*** Opening Data segment ***

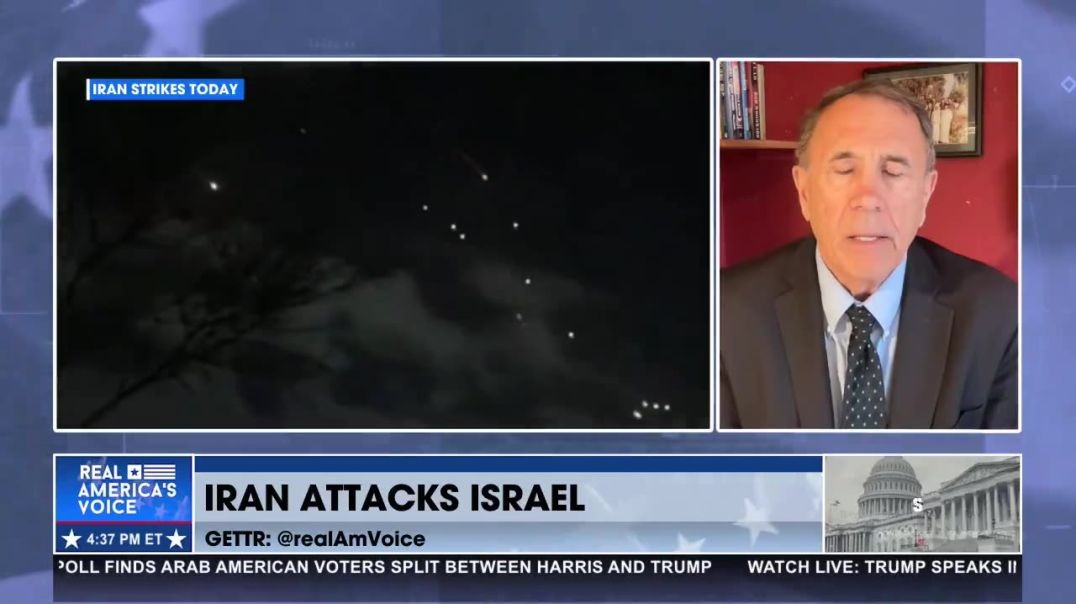 ⁣IRAN ATTACKS ISRAEL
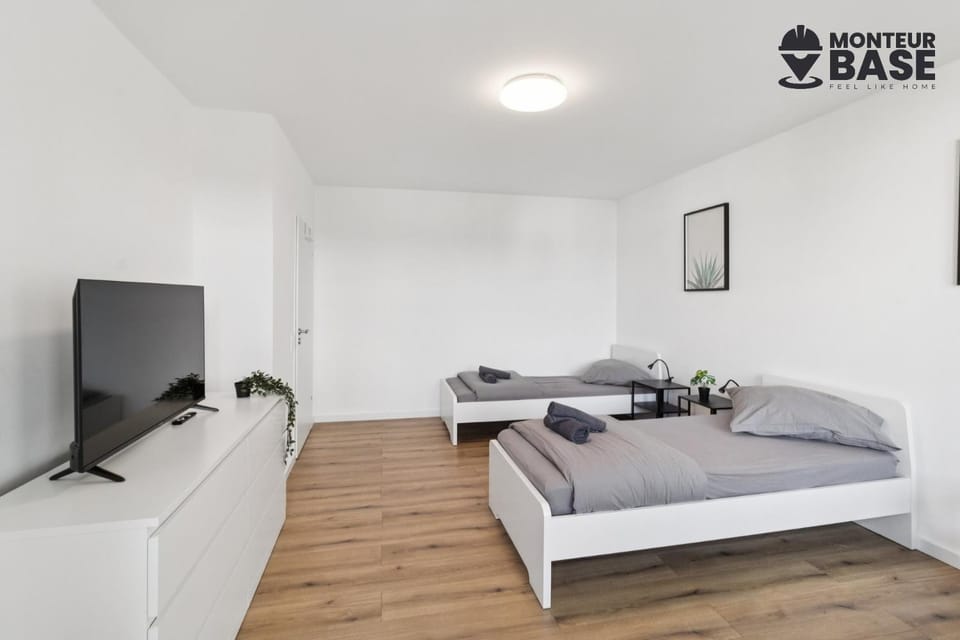 MONTEUR - Unterkunft für bis zu 7 Personen in 63069 Offenbach am Main - OF06 Apartment in Offenbach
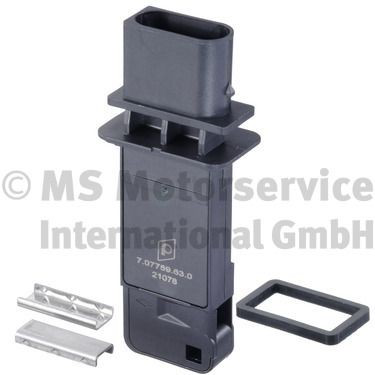 707759630 Pierburg Sensor de fluxo (consumo) de ar, medidor de consumo M.A.F. - (Mass Airflow)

*** Closing Data segment ***

**What is required**
Using the data above, print every line exactly, omitting pictures.

**Completed task**
 ⁣IRAN ATTACKS ISRAEL
 MONTEUR - Unterkunft für bis zu 7 Personen in 63069 Offenbach am Main - OF06 Apartment in Offenbach
 707759630 Pierburg Sensor de fluxo (consumo) de ar, medidor de consumo M.A.F. - (Mass Airflow)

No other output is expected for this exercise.